Maybe the delay was needed because I don’t think I would have had much of an interesting thing to write last night, but I do today.
Today I started wondering if I attract problems. It’s not that I enjoy fixing things, but I seem to seek out or attract problems that need fixing. Buy a house that was poorly built, then spend 18 years fixing, and sometimes re-fixing your fix to the issue. Join a group and then notice every problem wrong and take it on yourself to fix those problems.
I don’t do this on purpose. It’s not like I go in and say, “okay what’s broken” but if there is something not working right I try to help mend it.
Case in point, I belong to a railroad group. The group is loosely-based, has a successful magazine, and a real ad hoc organizational structure.
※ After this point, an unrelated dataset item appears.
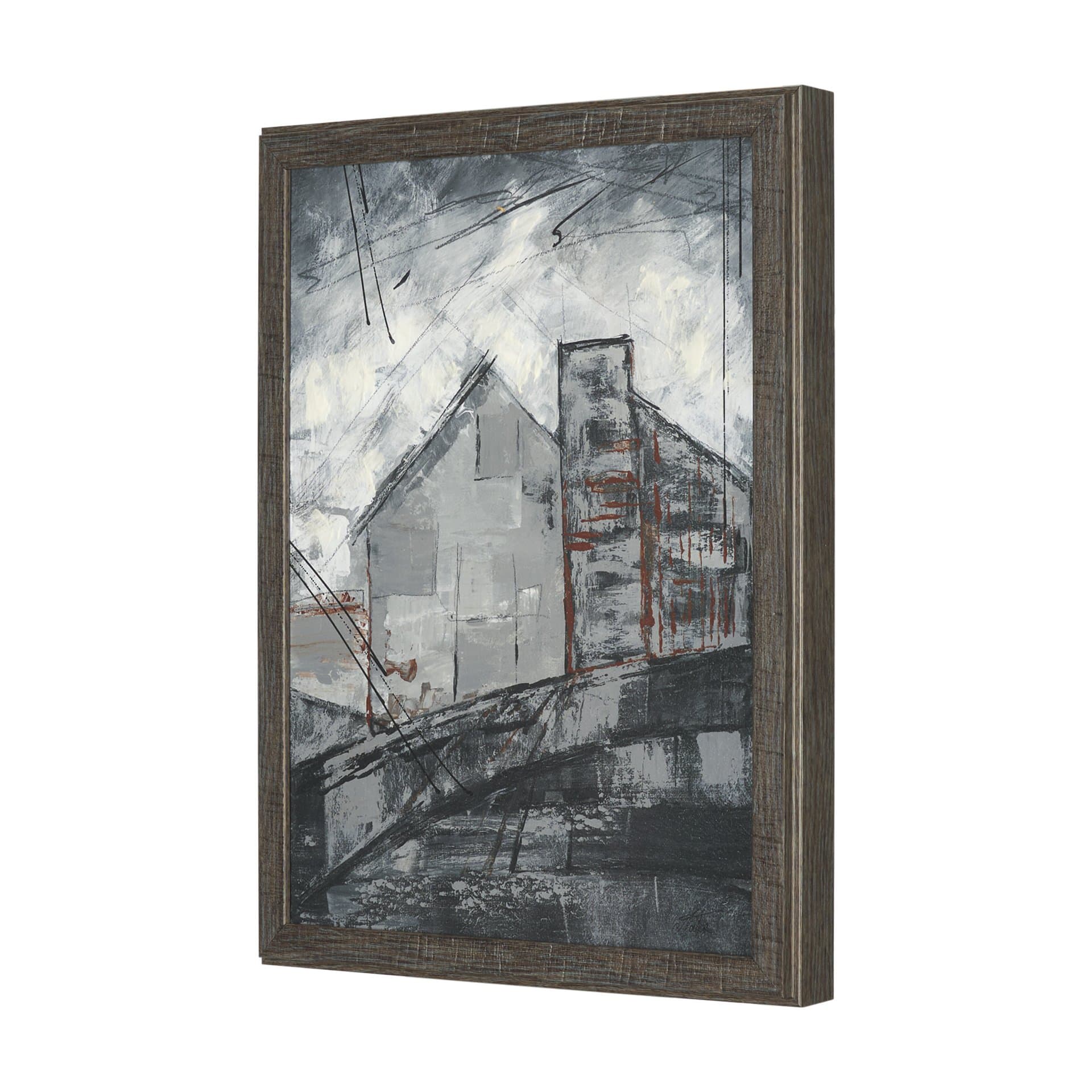 Community 4B by Mercana Studio Hand-Embellished Textured Framed Artwork Matted — product photograph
All except the magazine bothers me. It’s too chaotic. When I joined, I wanted to be an active member, contributed articles to the editor, and took on the website. Then I became the membership chair. That position was a mess, so I added order to chaos (okay Borg) and went to online membership forms, revamped how it was mailed, etc. I also stopped a practice of sending a magazine from the new membership year to subscribers whose membership had expired. This was done as a reminder to get people to pay their dues. I stopped it because it did not make sense to me to send a magazine that there was a chance it would never get paid. Membership dropped 33 per cent during my five years as membership chair. I don’t think that was the only factor – Train people tend to be older people and natural attrition as well as changing interests had to with it.
I already wanted out of the role, but felt an obligation to the group to stay on. If not me, who would do it? What pushed me to resign and just be “a member” was an online comment said in the aftermath of the 2016 US presidential election. Did I mention the group was primarily based in the US? After the comment was posted – which was directed at me and my Canadian nationality (with a smattering of American nut-tugging bravado added) – I talked to the treasurer, said I quit, and handed off the records to another person. Being “just a member” is freeing.
During that time, I was a hat collector. Volunteer here, volunteer there. I had three employment hats as well. I think my total hat count was eight. I currently have two hats. Many of the hats I wore I have walked away from. I left a startup I was involved with, my term on an editorial board expired and I did not seek an extension, and recently I stepped away from the parent council I was on (okay, I haven’t formally done so but there are no more meetings this year, and I am not joining next year so it counts!)
I am re-evaluating my last volunteer commitment, and some weeks I am ready to toss the keys in, others I am not. So far this year, I still have more positive days and weeks than negative. But I’ve noticed the negative ones are creeping up more often. A cautionary tale I guess for people who want me to stay.
Three things:
Something to read – I love books, and book stores, and publishing. So it’s interesting to see all the goings on at Canada’s monopoly bookseller which focuses on housewares and clothing than books – Indigo. Kenneth Whyte’s latest dispatch from Sutherland House publishers on Indigo is quite interesting.
Something to watch – I love Jon Stewart’s show on Apple TV. The best thing Stewart does is take a person’s words or their beliefs and turn those back on them. Like this:
Something to listen to – I’m not a super U2 fan, I like the hits, went to a concert once, and still haven’t found what I’m looking for. For Irish groups, I always preferred the Cranberries to U2. But… while looking at new music things that happened on the NPR Tiny Desk Concert series, I found this from Bono and The Edge…
Very cool.
Final thought – If deciding to be an oak tree or a reed, it’s better to be the reed. I feel like an Oak. This is from Aesop’s Fables – Look it up, I did.